Dalam pengertian yang sederhana hak asasi manusia (human rights) merupakan hak yang secara alamiah melekat pada orang semata-mata karena ia merupakan manusia (human being). HAM meliputi nilai-nilai ideal yang mendasar, yang tanpa nilai-nilai dasar itu orang tidak dapat hidup sesuai dengan harkat dan martabatnya sebagai manusia. Penghormatan terhadap nilai-nilai dasar itu memungkinkan individu dan masyarakat bisa berkembang secara penuh dan utuh. HAM tidak diberikan oleh negara atau tidak pula lahir karena hukum. HAM berbeda dengan hak biasa yang lahir karena hukum atau karena perjanjian.
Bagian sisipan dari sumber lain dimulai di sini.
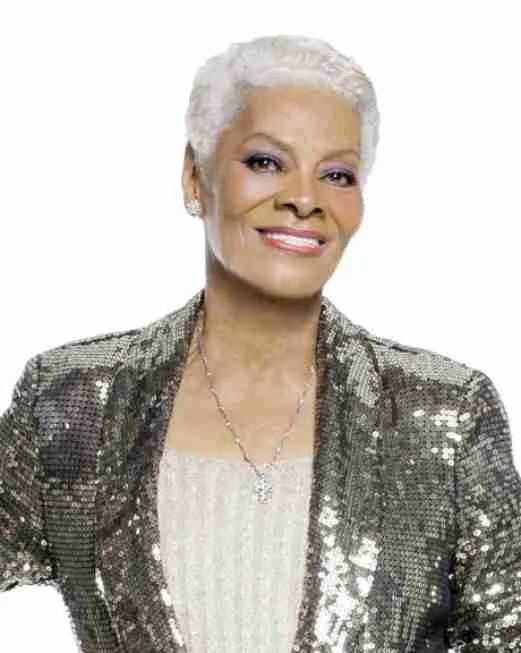 Dionne Warwick Press Shot 2 1024x576 v2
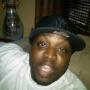 Daryl Simmons Photo 31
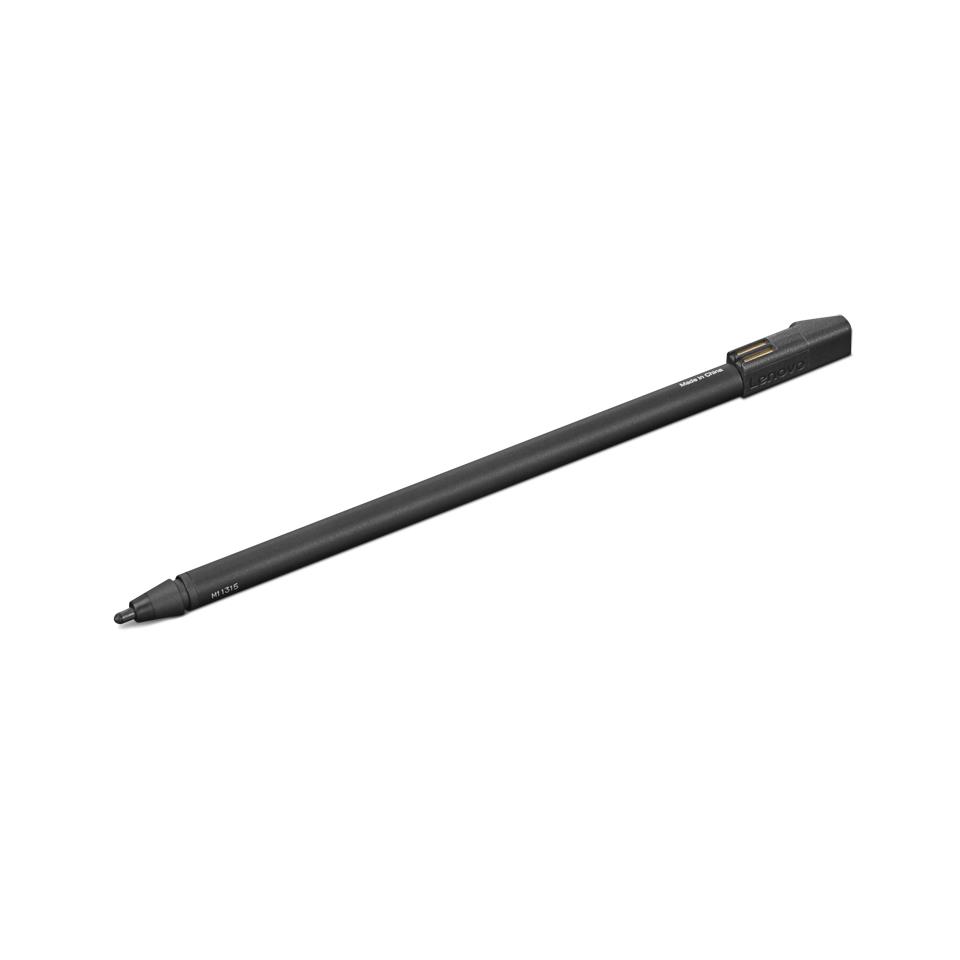 Stylet - Lenovo 4x81e21569 stylet 3,6 g noir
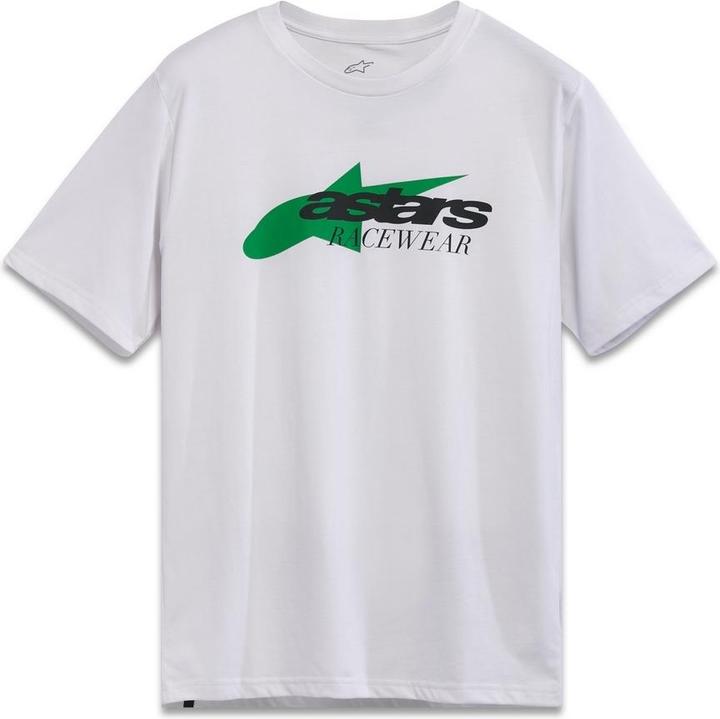Alpinestars Tee 24 Profile Csf Ss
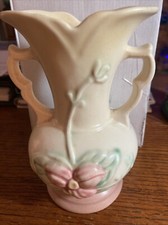 Hull wildflower pastel for sale  Saint Paul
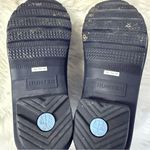 Hunter Original Chelsea Rain Boots – Women’s Size 6 Photo 6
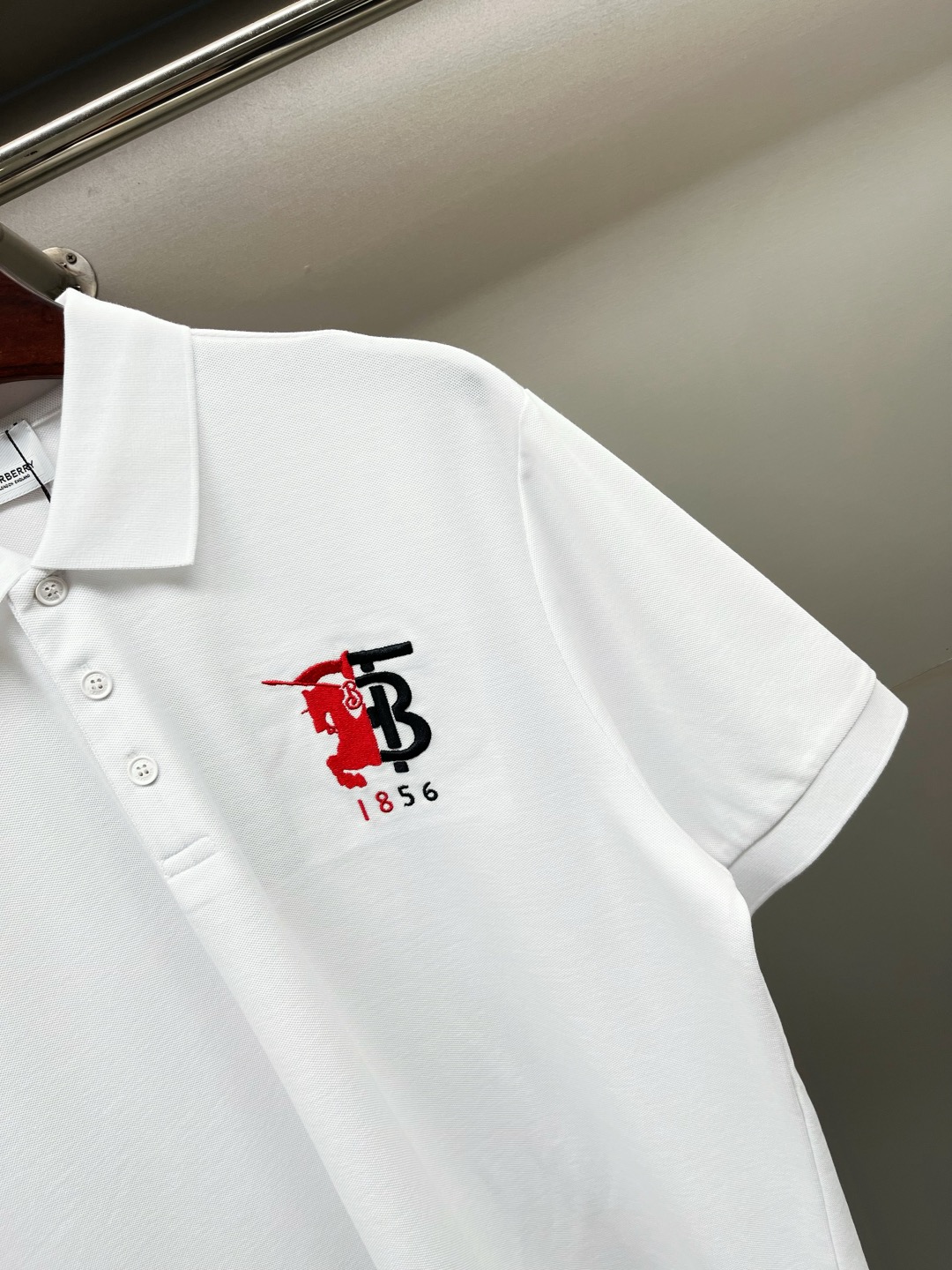 Men Women T-Shirt Top Quality 1:1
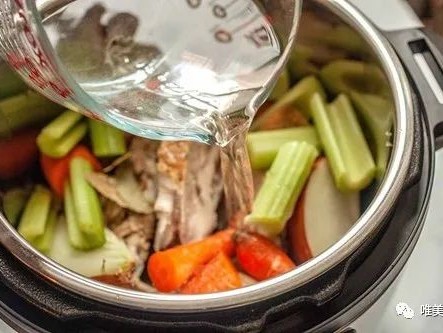 Crockpot Chicken Recipes: A Delightful Journey into Flavorful Cuisine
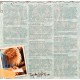Taylor Swift - Tim McGraw - Double LP Vinyl Album - 2016 Europe - Country Pop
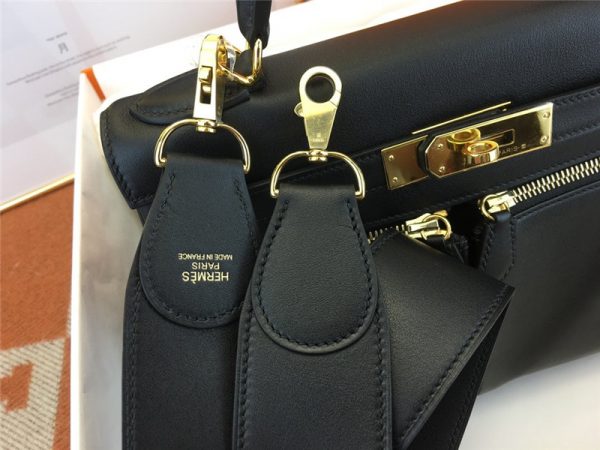 hermes kelly lakis 28 - Image 4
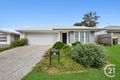 Property photo of 52 Kevin Mulroney Drive Flinders View QLD 4305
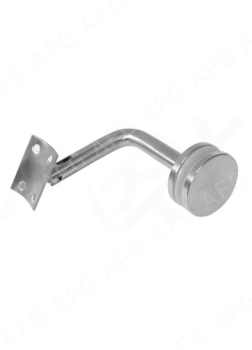 AFG HA-402（유리용）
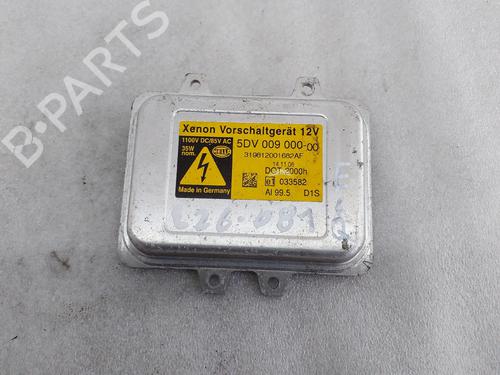 Used Other Other 37004561 37004561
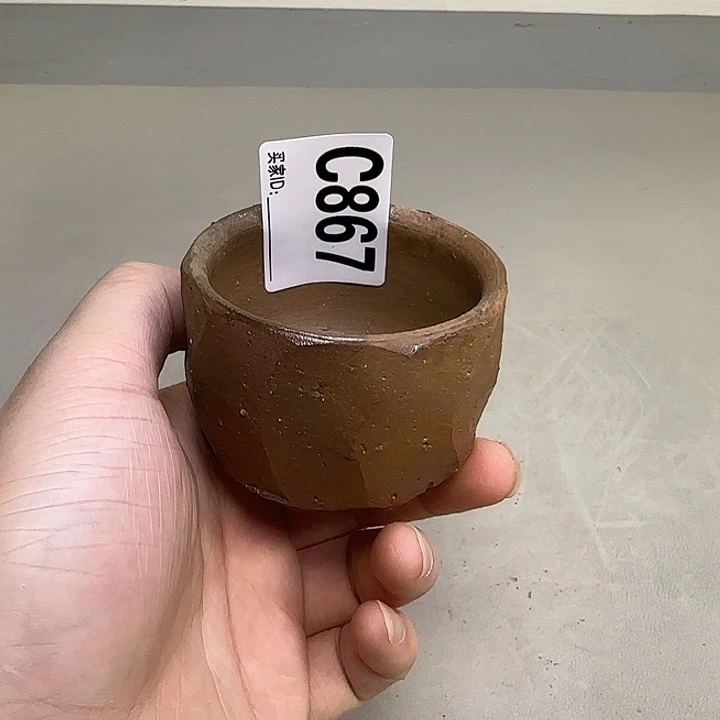 备前烧作品备前烧作品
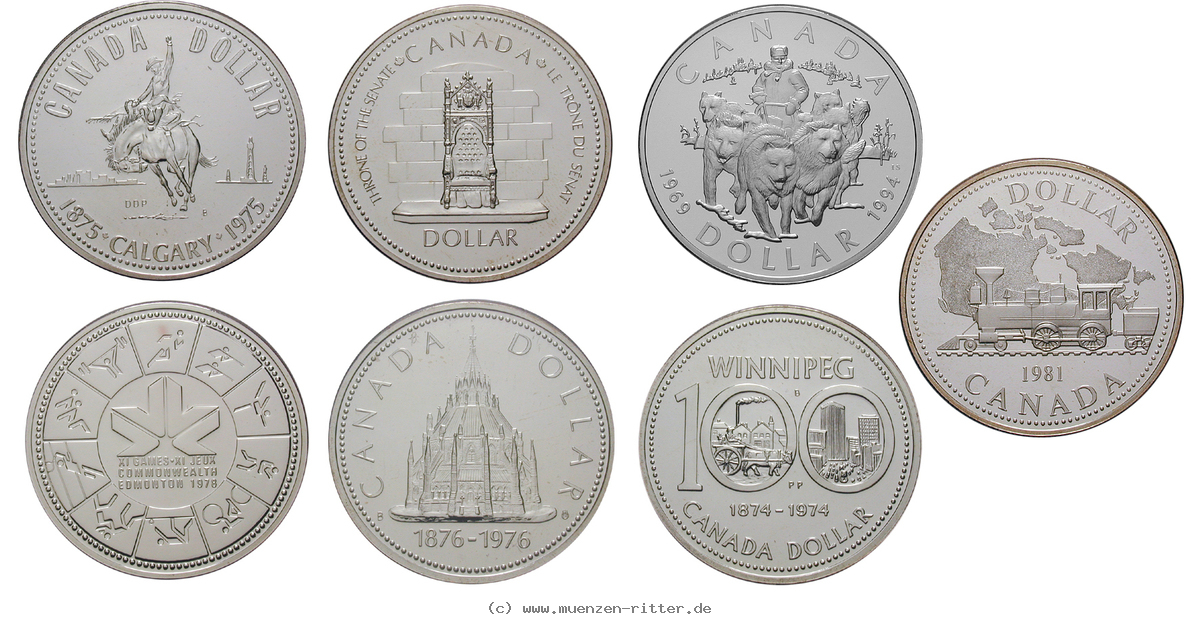 kanada-elizabeth-ii-satz/17958.jpg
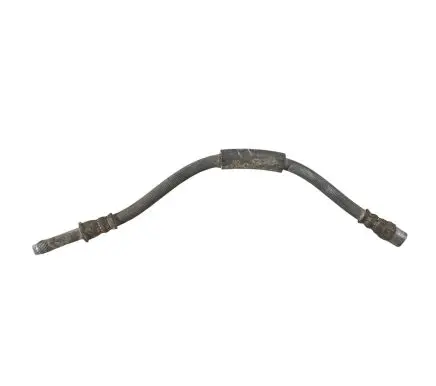 Brake line pipe/hose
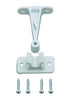 AP PRODUCTS 013-086W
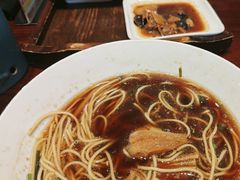 -苏面斋·本地传统苏式面馆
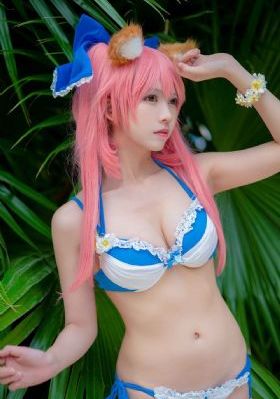 东北大通炕乱3伦_蓝光神马在线观看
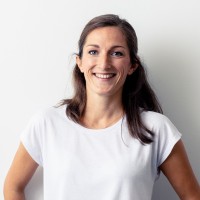 Stefanie Kirchner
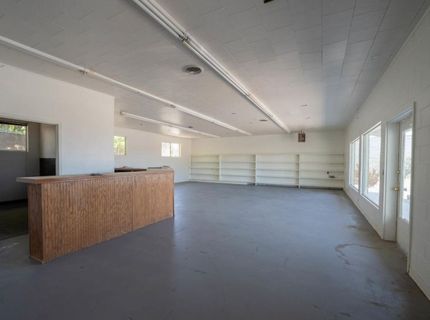 1171 Highway 49, San Andreas, CA 95249 Photo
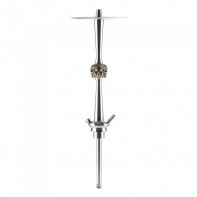 Кальян Maklaud - X Skall (Без колбы)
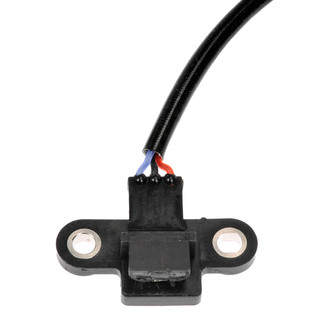 Dorman® - OE Solutions™ Angled Crankshaft Position Sensor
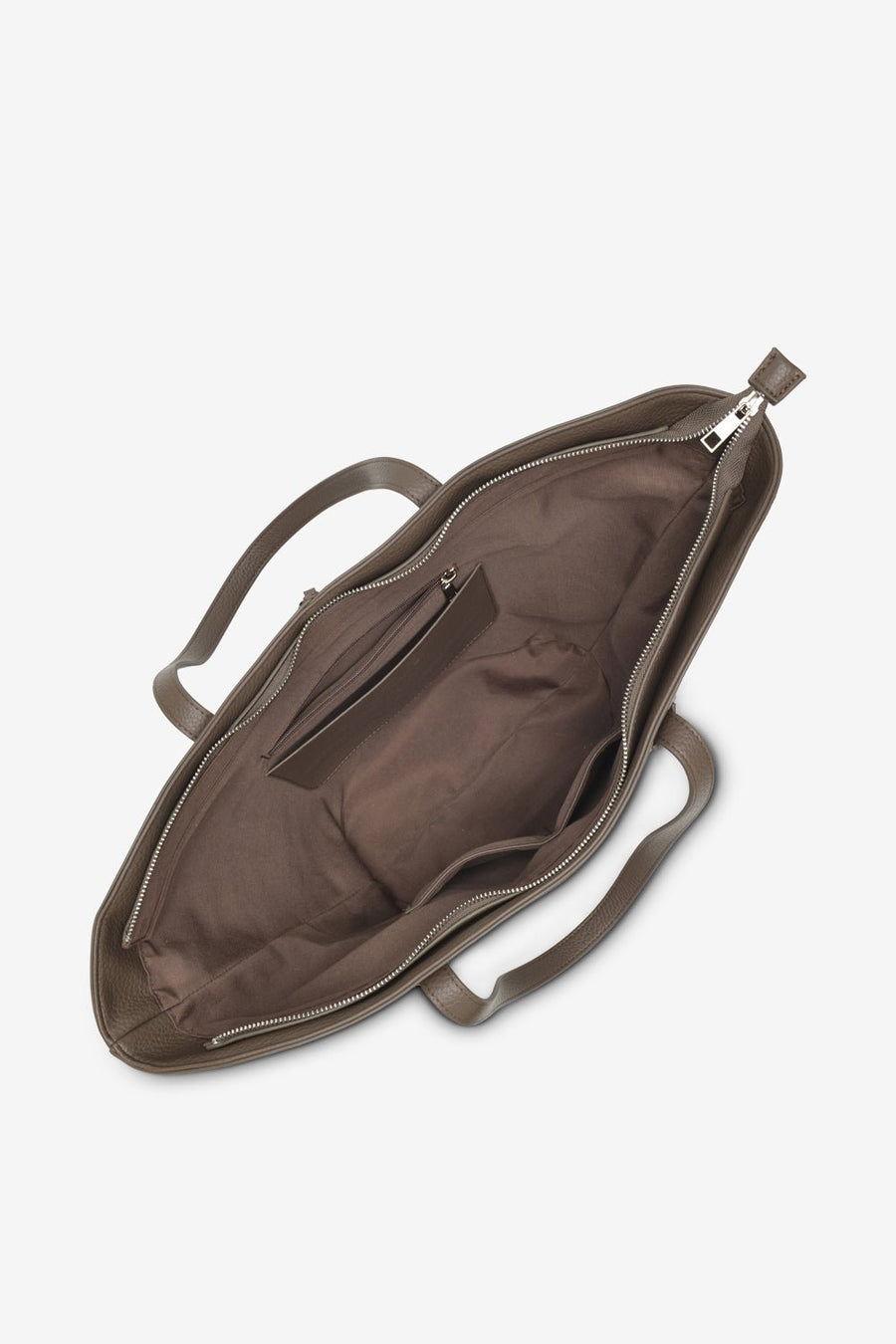 Hello I'm Vegan Angie Wood - Adax Shop - Shopper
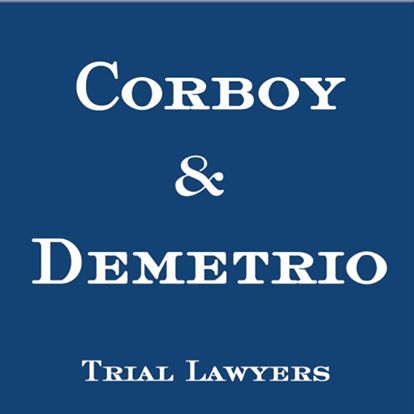 partner_corboy-demetrio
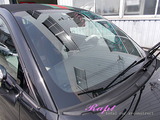 �ե����åȡ�500���å����륬�饹����������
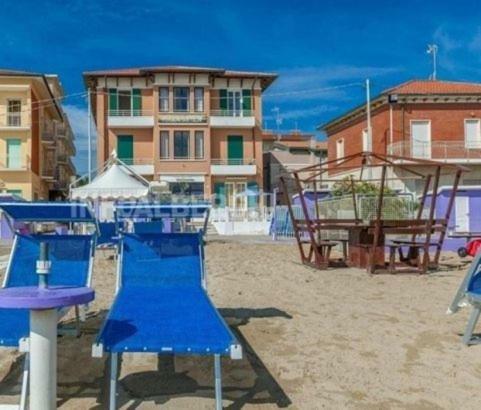 Hotel Bartolini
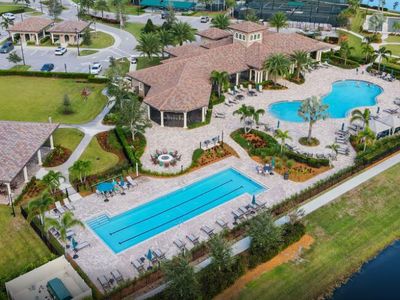 873 SE Courances Drive #309, Port Saint Lucie, FL, 34984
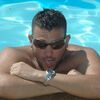 Tabich, 26, г.Танжер Tabich, 26, г.Танжер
Dalam pembahasannya tentang pengertian HAM, Jan Materson, anggota Komisi Hak Asasi Manusia PBB merumuskan HAM dalam ungkapan berikut: “human rights could be generally defines as those right which area inherent in our natural and without we can‟t live as human being”. (HAM adalah hak-hak yang secara inheren melekat dalam diri manusia, dan tanpa hak itu manusia tidak dapat hidup sebagai manusia) (Asykuri Ibnu Chamim, 2000:371).
Dari pengertian di atas, kita dapat mencermati dua makna yang terkandung dalam pengertian HAM, yaitu: Pertama, HAM merupakan hak alamiah yang melekat dalam diri setiap manusia sejak ia dilahirkan ke dunia. Hak alamiah adalah hak yang sesuai dengan kodrat manusia sebagai insan merdeka yang berakal budi dan berperikemanusiaan. Karena itu, tidak ada seorang pun yang diperkenankan merampas hak tersebut dari tangan pemiliknya, dan tidak ada kekuasaan apapun yang memiliki keabsahan untuk memperkosanya. Hal ini tidak berarti bahwa HAM bersifat mutlak tanpa pembatasan, karena batas HAM seseorang adalah HAM yang melekat pada orang lain. Bila HAM dicabut dari tangan pemiliknya, manusia akan kehilangan eksistensinya sebagai manusia. Kedua, HAM merupakan instrumen untuk menjaga harkat dan martabat manusia sesuai dengan kodrat kemanusiaannya yang luhur. Tanpa HAM manusia tidak akan dapat hidup sesuai dengan harkat dan martabat kemanusiaannya sebagai makhluk Tuhan yang paling mulia.
Dikatakan HAM menurut Ahmad Sanusi (2006:201) ialah karena hak-hak itu bersumber pada sifat hekekat manusia sendiri yang diberikan oleh Tuhan Yang Maha Esa. HAM itu bukan karena diberikan oleh negara atau pemerintah. Karena itu, hak-hak itu tidak boleh dirampas atau diasingkan oleh negara dan oleh siapa pun.
Dengan demikian, maka HAM bukan sekedar hak-hak dasar yang dimiliki oleh setiap manusia sejak dilahirkannya ke dunia, tetapi juga merupakan standar normatif yang bersifat universal bagi perlindungan hak-hak dasar itu dalam lingkup pergaulan nasional, regional dan global. Esensi itu dapat dilihat dalam Mukaddimah Universal Declaration of Human Rights yang menyebutkan bahwa pengakuan atas martabat yang luhur dan hak-hak yang sama tidak dapat dicabut dari semua anggota keluarga manusia, karena merupakan dasar kemerdekaan, keadilan, dan perdamaian dunia.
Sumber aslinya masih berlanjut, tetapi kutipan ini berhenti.